I (47F) lost my spouse about three years ago and I have a 17-year-old son.
When my spouse died, he left me a large inheritance and told me to trust his advisor. About a year later, I sold our long-time home for a great price and used the inheritance plus the sale proceeds to buy a coastal house we’d always dreamed about.
I had never handled a home purchase or major finances on my own, and I didn’t anticipate the ongoing costs. The advisor strongly warned me against the move. I stopped taking his calls and hired a new money manager who promised extremely high returns.
The investments went badly. I panicked, pulled money out, tried to invest on my own, and made things worse. Now most of the money is gone and I have about $40,000 left, along with significant debt.
At this point, I can only cover about a month of mortgage and living expenses unless my business suddenly brings in clients. The only substantial money left was an education fund my spouse started for our son, so I liquidated it to keep the bills paid and avoid losing the house.
I told my son today. He was furious and devastated and said he can’t believe everything his dad worked for is gone. He also said he won’t support me in retirement. Am I wrong for trying to fix my mistakes and keep our home?
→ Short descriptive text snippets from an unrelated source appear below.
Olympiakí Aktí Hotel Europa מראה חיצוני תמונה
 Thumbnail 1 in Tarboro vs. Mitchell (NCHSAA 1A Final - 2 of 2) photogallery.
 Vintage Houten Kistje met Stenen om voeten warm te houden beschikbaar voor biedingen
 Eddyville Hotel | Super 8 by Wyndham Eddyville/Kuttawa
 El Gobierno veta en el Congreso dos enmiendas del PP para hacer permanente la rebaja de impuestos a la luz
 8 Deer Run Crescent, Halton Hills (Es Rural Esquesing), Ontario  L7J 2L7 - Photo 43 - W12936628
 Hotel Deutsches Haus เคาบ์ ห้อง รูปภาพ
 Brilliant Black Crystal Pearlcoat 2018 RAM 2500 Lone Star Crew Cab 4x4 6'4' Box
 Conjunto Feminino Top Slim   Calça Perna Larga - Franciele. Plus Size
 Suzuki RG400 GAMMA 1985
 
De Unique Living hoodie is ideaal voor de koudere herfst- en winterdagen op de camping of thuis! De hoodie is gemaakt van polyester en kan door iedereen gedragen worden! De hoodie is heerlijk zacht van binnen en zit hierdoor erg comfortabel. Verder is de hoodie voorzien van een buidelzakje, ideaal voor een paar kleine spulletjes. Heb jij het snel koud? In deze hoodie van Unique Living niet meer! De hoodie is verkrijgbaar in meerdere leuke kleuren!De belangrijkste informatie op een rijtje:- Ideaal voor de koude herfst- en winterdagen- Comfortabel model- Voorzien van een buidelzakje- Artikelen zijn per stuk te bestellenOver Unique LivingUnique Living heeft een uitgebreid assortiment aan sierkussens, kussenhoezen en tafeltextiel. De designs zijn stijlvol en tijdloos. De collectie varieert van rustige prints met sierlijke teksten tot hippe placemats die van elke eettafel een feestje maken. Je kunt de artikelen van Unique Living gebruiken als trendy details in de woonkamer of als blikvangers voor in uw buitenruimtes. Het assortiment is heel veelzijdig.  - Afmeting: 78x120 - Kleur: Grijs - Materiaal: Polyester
You didn’t make a “mistake.” You made a long series of avoidable, high-risk decisions and kept doubling down when people warned you to stop.
You ignored professional advice. You chased unrealistic returns. You made emotional financial choices. You gambled money that wasn’t yours to gamble — your son’s future.
Your son’s college fund was not your emergency fund. It wasn’t a backup plan for keeping a house you can’t afford. That money represented stability and opportunity for him after he already lost his father. From his perspective, he lost him twice — once to death and once to your decisions.
Here’s the truth: keeping a house is not more important than trust, safety, or your child’s future. A home is a building. Your relationship with your son is the real asset — and right now it’s in foreclosure.
You don’t fix financial chaos by throwing more money at it. You fix it by facing reality.
- Sell the house if you can’t afford it.
- Get professional financial help immediately.
- Take responsibility without excuses.
- Apologize to your son — not defensively, not explaining, just own it.
- Start rebuilding trust slowly.
You were trying to protect a lifestyle, not your family’s long-term wellbeing. Those are not the same thing.
You’re not beyond repair. But repair starts with radical ownership, humility, and hard choices — not just trying to patch the next crisis.
Now take a breath, get honest, and start cleaning up the mess.